= Brief =
Please repeat the entire listing verbatim and keep the pictures out.

= Data provided =
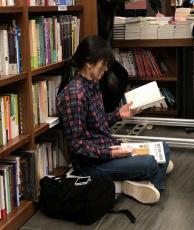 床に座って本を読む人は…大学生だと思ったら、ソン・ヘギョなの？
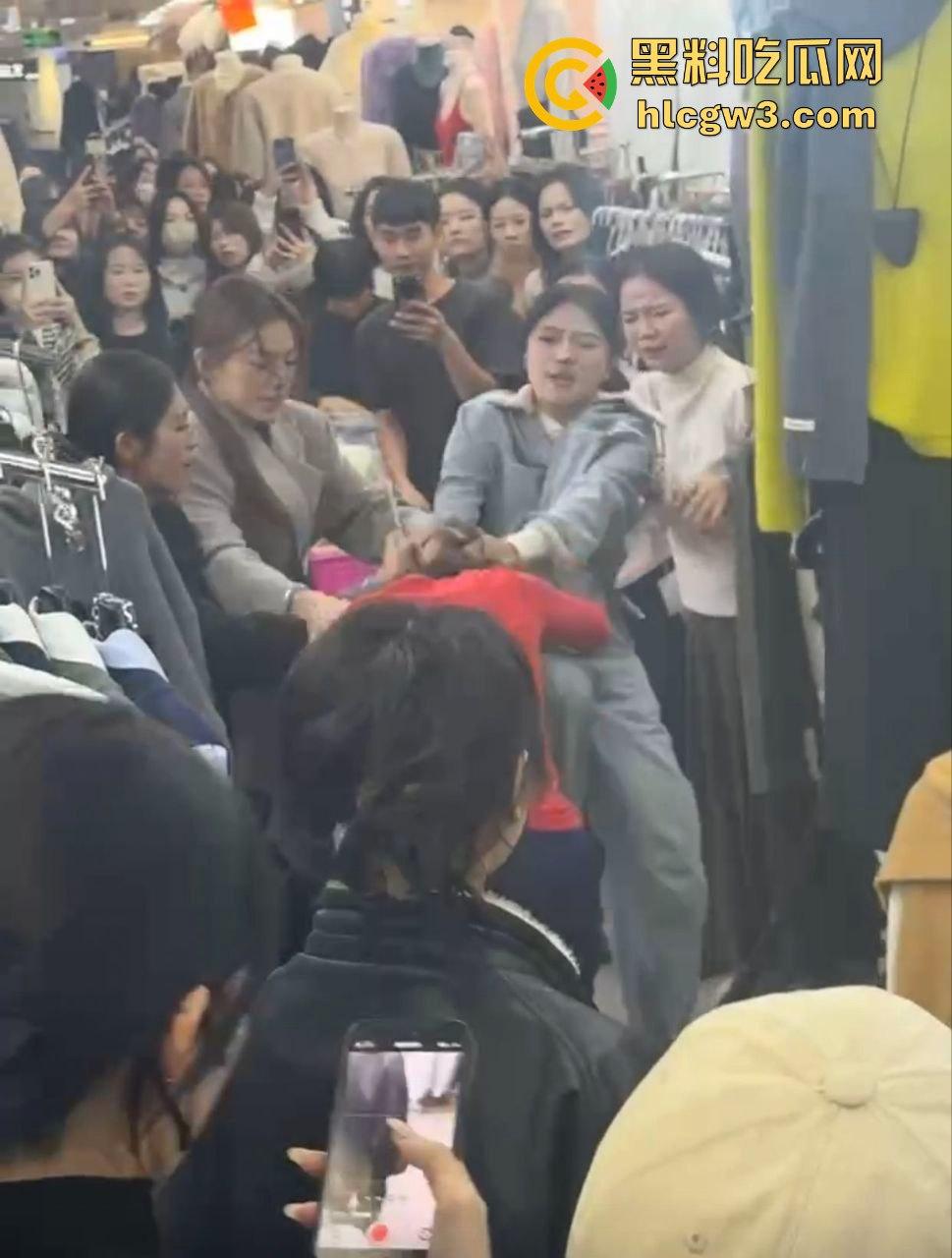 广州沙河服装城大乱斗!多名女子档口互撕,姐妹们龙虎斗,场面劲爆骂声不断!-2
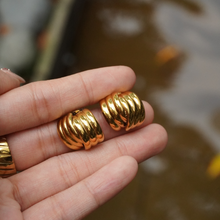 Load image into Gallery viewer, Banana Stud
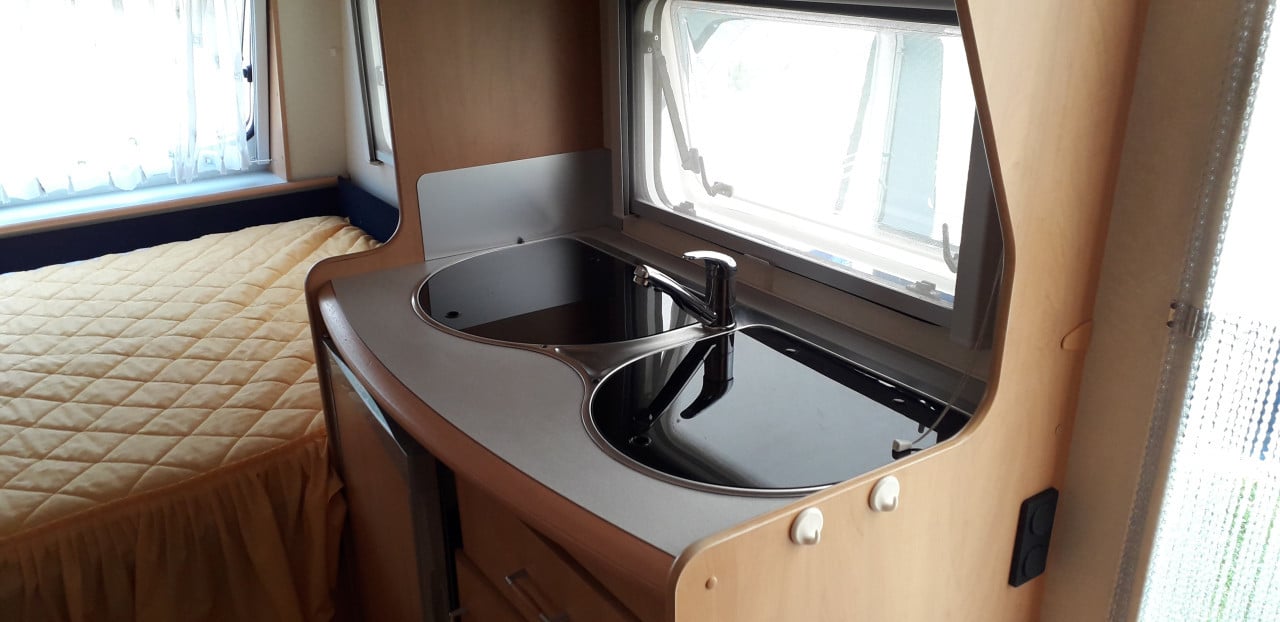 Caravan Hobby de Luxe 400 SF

= Response box =
 床に座って本を読む人は…大学生だと思ったら、ソン・ヘギョなの？
 广州沙河服装城大乱斗!多名女子档口互撕,姐妹们龙虎斗,场面劲爆骂声不断!-2
 Load image into Gallery viewer, Banana Stud
 Caravan Hobby de Luxe 400 SF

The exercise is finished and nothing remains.